It was then, that on the pressing remonstrances of his officers, who saw that in going on to Paris he was only rushing on death or captivity, Napoleon at length turned back; and having abandoned the strong inflexible impulse which would have carried him thither at all adventures, he seems to have considered his fate as decided, or at least to have relaxed considerably in the original vehemence which he opposed to adversity.

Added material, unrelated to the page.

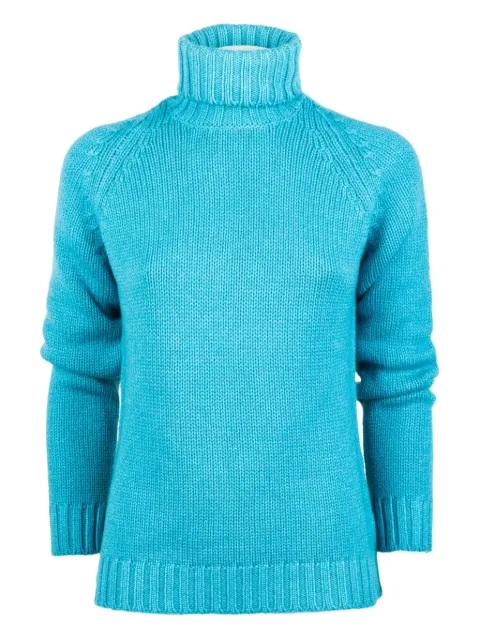 Base Milano roll-neck sweater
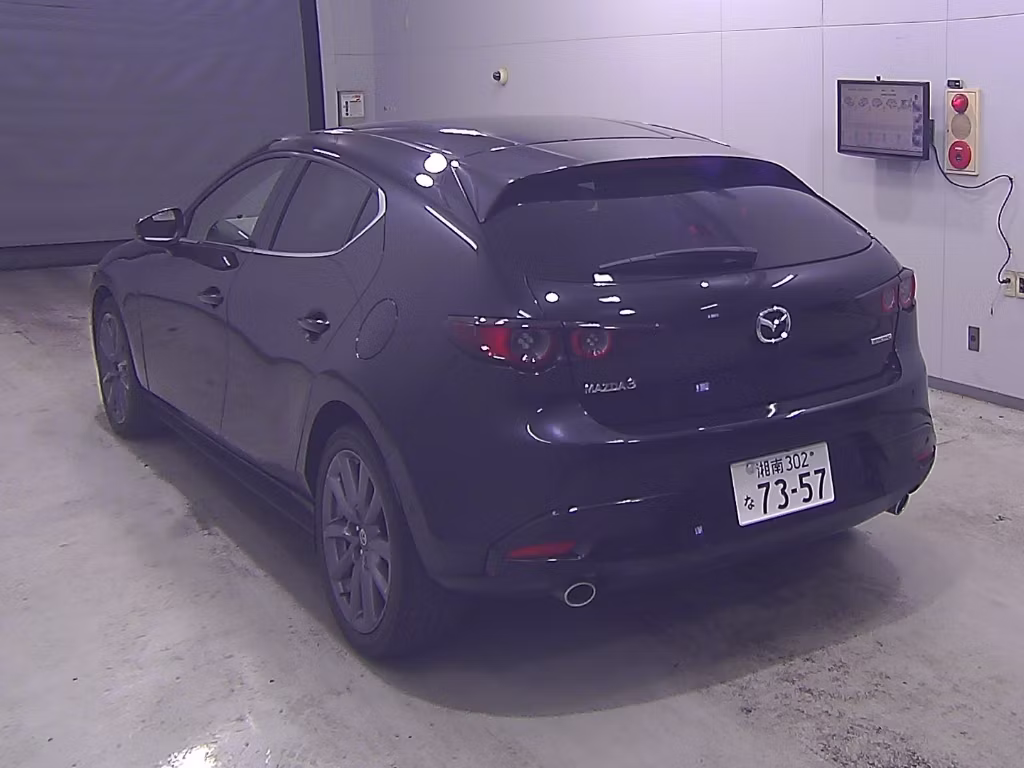MAZDA MAZDA3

He returned to the Cour de France, and gave orders for disposing the forces, as they should come up, on the heights of Longjumeau, behind the little river of Essonne. Desirous at the same time of renewing the negotiation for peace, which, on successes of an ephemeral description, he had broken off at Chatillon, Napoleon despatched Caulaincourt to Paris, no longer to negotiate, but to receive and submit to such terms as the allied sovereigns might be inclined to impose upon him. He returned to Fontainbleau the same night. He did not take possession of any of the rooms of state, but chose a private and more retired apartment. Among the many strange transactions which had taken place in that venerable and ancient palace, its halls were now to witness one the most extraordinary.

CHAPTER LXXIX

The Allied Sovereigns issue a Proclamation that they will not treat with Buonaparte – A Provisional Government is named by the Conservative Senate, who also decree the forfeiture of Napoleon – This decree is sanctioned by all the Public Bodies in Paris – The legality of these proceedings discussed – Feelings towards Napoleon, of the Lower Classes, and of the Military – On 4th April, Buonaparte issues a document abdicating the Throne of France – His subsequent agitation, and wish to continue the war – The deed is finally despatched.

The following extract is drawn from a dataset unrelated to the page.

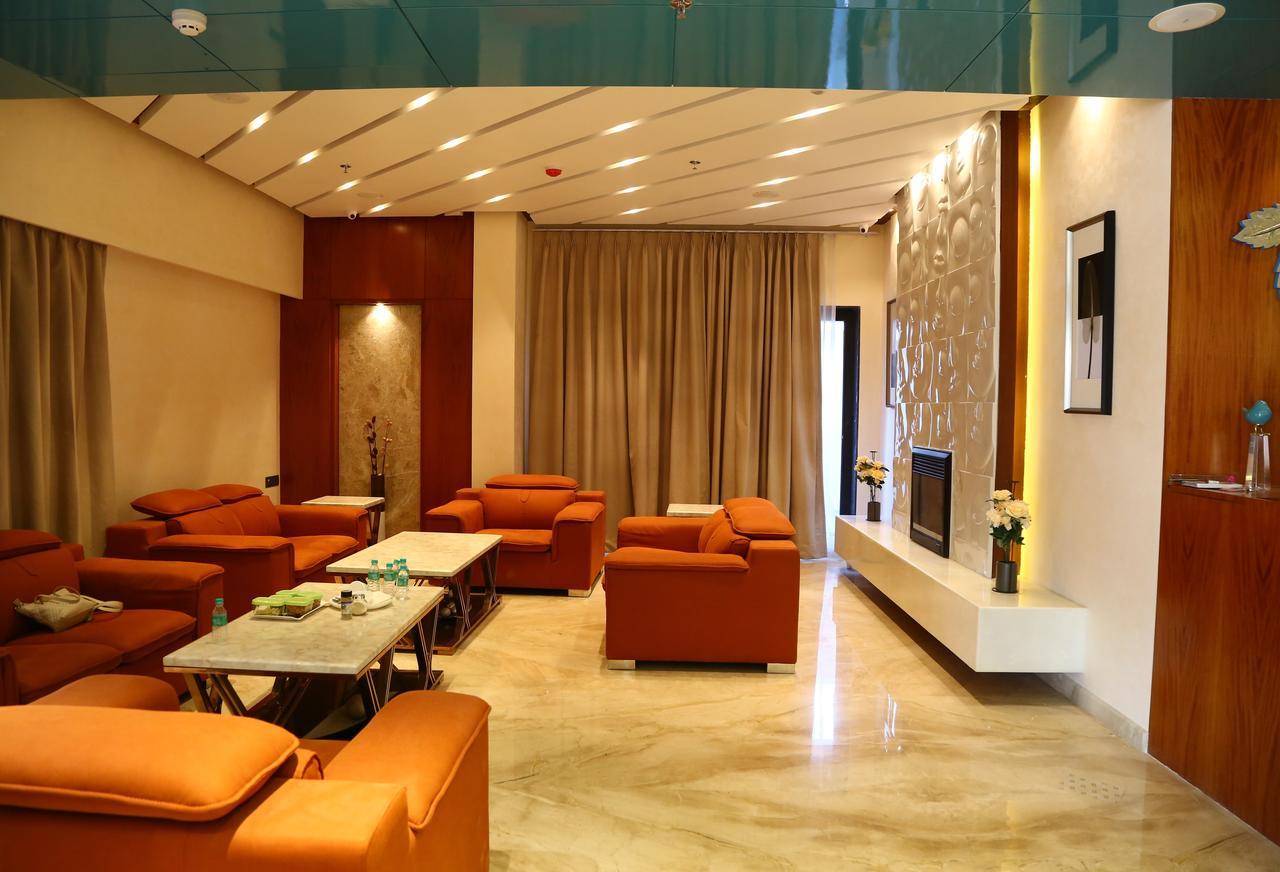 Skk Blu Hotel & Spa Udaipur Exterior foto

While Napoleon breathed nothing save the desire of recovering by war what war had taken from him, or at least that of making such a peace as should leave him at the head of the French government, political events were taking place in Paris which pointed directly at the overthrow of his power.

His great military talents, together with his extreme inflexibility of temper, had firmly impressed the allied monarchs with the belief, that no lasting peace could be made in Europe while he remained at the head of the French nation. Every concession which he had seemed willing to make at different times, had been wrung from him by increasing difficulties, and was yielded with such extreme reluctance, as to infer the strongest suspicion that they would all be again resumed, should the league of the allies be dissolved, or their means of opposing his purposes become weaker. When, therefore, Caulaincourt came to Paris on the part of his master, with power to subscribe to all and each of the demands made by the allies, he was not indeed explicitly refused audience; but, before he was admitted to a conference with the Emperor Alexander, to whom his mission was addressed, the sovereigns had come under engagements which precluded them altogether from treating with Napoleon.32

When the Emperor of Russia halted, after the progress of the allied sovereigns through the city, it was at the hotel of Talleyrand. He was scarcely arrived there ere the principal Royalists, and those who had acted with them, waited on him to crave an audience. Besides the Emperor Alexander, the King of Prussia, and Prince Schwartzenberg, were present General Pozzo di Borgo, Nesselrode, Lichtenstein, the Duke Dalberg, Baron Louis, the Abbé de Pradt, and others. Three points were discussed, 1st, The possibility of a peace with Napoleon, upon sufficient guarantees; 2d, The plan of a regency; 3d, The restoration of the Bourbons.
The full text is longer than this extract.